# Wormy pecan sugar bowl



## David813 (Mar 30, 2014)

Little sugar bowl I made a few months back. Wood is pecan had a lot of worm tracks in it.

Reactions: Like 16


----------



## DKMD (Mar 30, 2014)

That's cool! I love a good utilitarian piece from a pretty piece of wood!


----------



## hobbit-hut (Mar 30, 2014)

I like the shape ( good for handling ) and the way the lid fits down in it. Beautiful wood with character !!!

Reactions: +Karma 1


----------



## barry richardson (Apr 1, 2014)

Nice Bowl, and I like your design, and I'm a sucker for pecan, it can have so many different looks to it


----------



## ironman123 (Apr 1, 2014)

Good looking bowl Donnie.
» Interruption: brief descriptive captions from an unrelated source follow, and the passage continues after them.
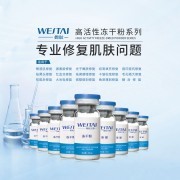 企业介绍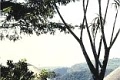 Oribi Gorge Nature Reserve
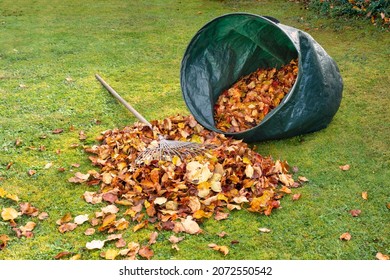Gartenwerke, die Tasche und Racke zeigen, gefüllt mit Herbstblättern auf grünem Rasen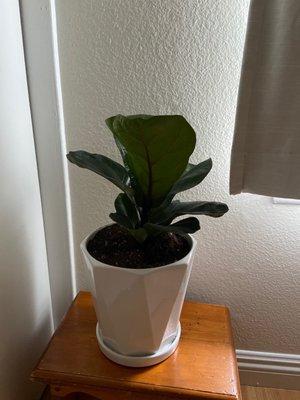 Fiddle leaf plant and pot both purchased at Covina Garden Center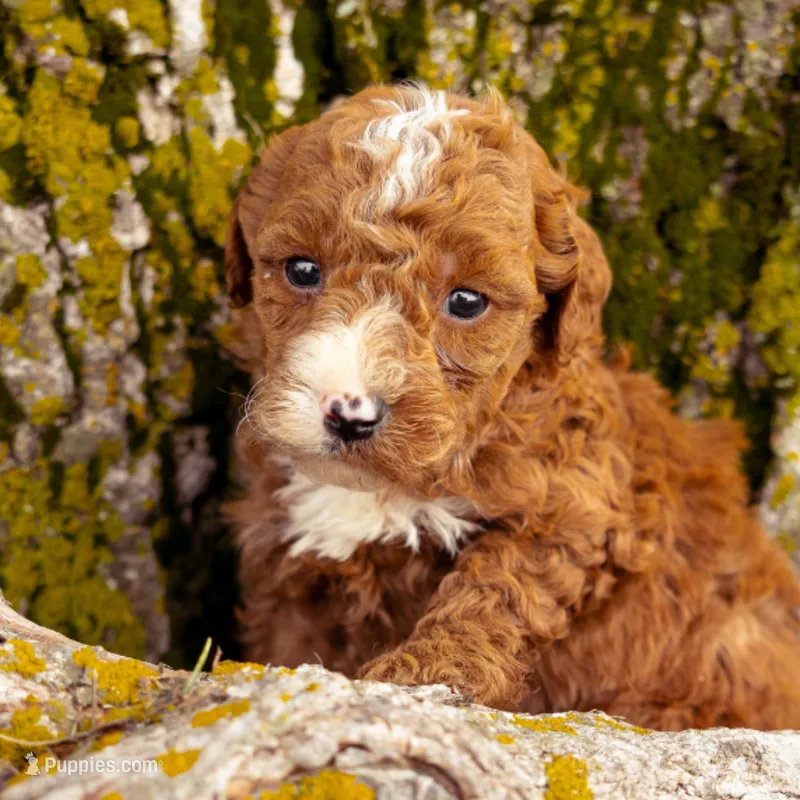 Salinger – Miniature Goldendoodle puppy for sale in New Haven, IN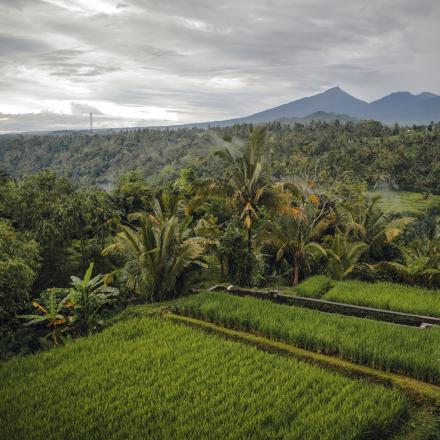 Wisata Puhu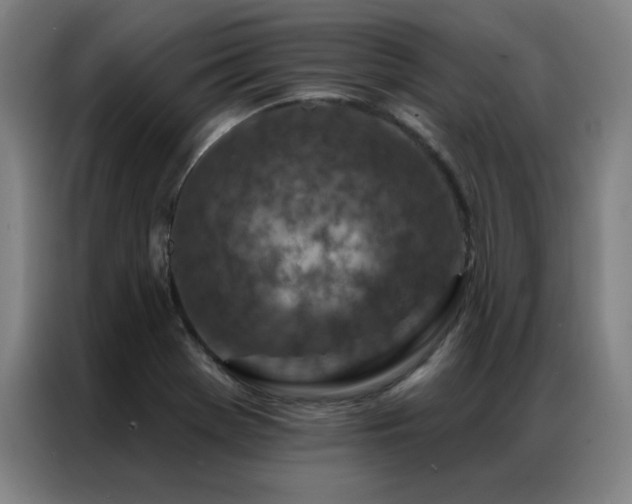X0000087381369200704201238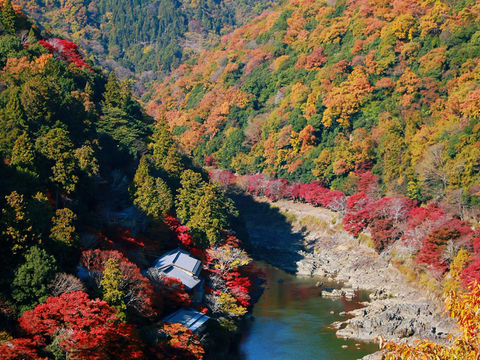 Autumn in Kansai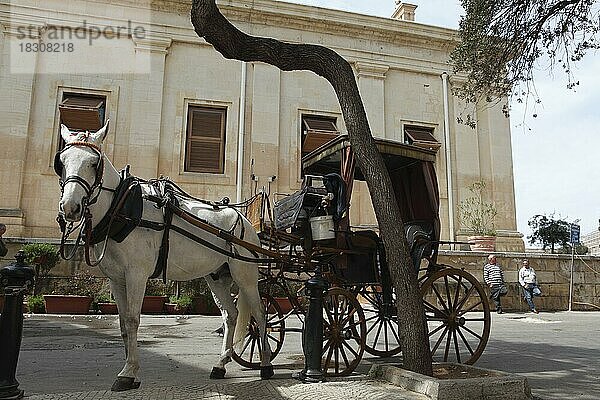 Pferdekutsche an den Upper Barrakka Gardens  Valletta  Malta  Maltesische Inseln  Europa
I like that design.

Ray


----------



## Schroedc (Apr 1, 2014)

I really like that shape, how big is it?


----------



## David813 (Apr 1, 2014)

It's about 4.5" wide by 6" tall


----------



## davduckman2010 (Apr 1, 2014)

very nice sugar bowl great wood


----------



## David813 (Apr 1, 2014)

Thnx to everyone that complimented the bowl I appreciate it.


----------



## mobean (Apr 14, 2014)

Nice I really like it


----------